Does anybody ever call Henry Ford a Never Ending Car Builder? Is Rupert Murdoch a Never Ending Media Tycoon? What about Donald Trump? Does anybody say he has a Never Ending Quest to build buildings? . . . But we’re living in an age of breaking everything down into simplistic terms, aren’t we? These days, people are lucky to have a job. Any job. 

The takeaway from this latest leg? Dylan remains as much an enigma in 2018 as he’s always been. And his fans still seem to revile and adore him (for this very reason) in equal measure.

After the New Jersey show, for example, various fans claimed it was either the worst or the best performance they’d ever seen. Some were angry that the artist didn’t address the audience once. Others didn’t like the music. As is his wont, Dylan had rearranged old classics such as “Blowin' in the Wind,” “Simple Twist of Fate” and “Like a Rolling Stone” until they were nearly unrecognizable. The latter, once an angry scourge, now sounded like a sorrowful lament.

With his voice now diminished into an almost-constant rasp or a sneering snarl, Dylan could easily sound like a caricature of himself. Instead, he’s turned it into an expressive tool. That became clear when he focused on newer material, from the eerily cruel “Scarlet Town” to the sad foreshadowing of “Tryin' to Get to Heaven.”

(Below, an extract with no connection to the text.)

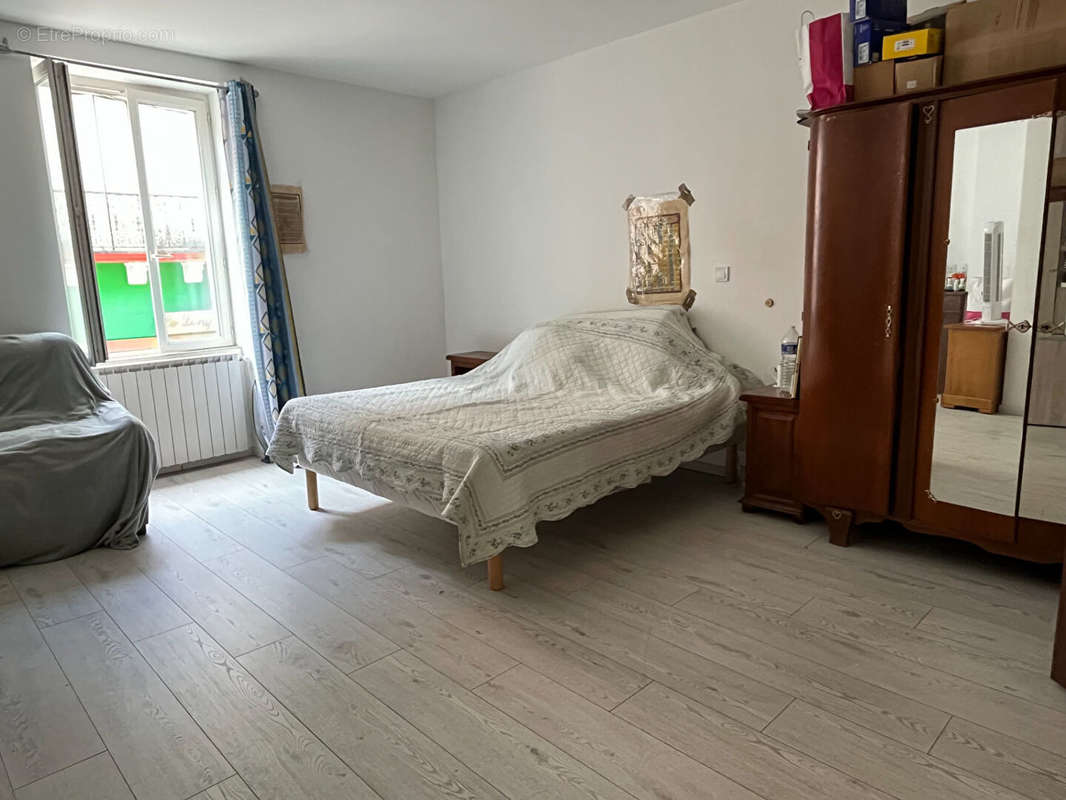 Appartement à BESSEGES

In those songs, it seems as if he’s thinking of the End. That’s not surprising if you’ve followed his recent output. Last year, he used that voice, the one that almost sounds broken from time and overuse, to sing a 3-disc megarecord of classics such as “As Time Goes By.”

“These songs are some of the most heartbreaking stuff ever put on record and I wanted to do them justice. Now that I have lived them and lived through them I understand them better,” he said in a shockingly candid interview in which he discussed his age and his career.

“From 1970 till now there’s been about 50 years, seems more like 50 million. That was a wall of time that separates the old from the new and a lot can get lost in this kind of time. Entire industries go, lifestyles change, corporations kill towns, new laws replace old ones . . . Musical influences too — they get swallowed up, get absorbed into newer things or they fall by the wayside,” he then said, perhaps shedding light on his constantly changing style.

Arguably the most significant thing to happen to Dylan in the past decade was winning the Nobel Prize for literature, though judging from his reaction, you’d think his new line of Heaven’s Door American whiskies were of greater interest to the musician. After winning the award, Dylan . . . said nothing. It took him two weeks to even accept a phone call from the permanent secretary of the Swedish Academy, Sara Danius.

The Nobel Foundation released Bob Dylan’s Nobel lecture on Monday, June 5. (Nobel Prize)

Then he refused to show up to accept the award. Instead of delivering the lecture required of winners in person, Dylan wrote and later recorded his speech in Los Angeles, turning it in to the academy many months later. In it he discussed Buddy Holly (who “seemed permanent, and he filled me with conviction”), the themes of “Moby Dick” (which “would work its way into more than a few of my songs”) and the purpose of music (“If a song moves you, that’s all that’s important. I don’t have to know what a song means. I’ve written all kinds of things into my songs. And I’m not going to worry about it — what it all means”).

Dylan could arguably do anything, but he skips a Nobel Prize lecture and shows up to play a casino in Atlantic City. It’s emblematic of the man who remains as mysterious as ever. To borrow a quote from the man himself,” I’m not going to worry about it — what it all means.” And that’s always been part of his never-ending genius.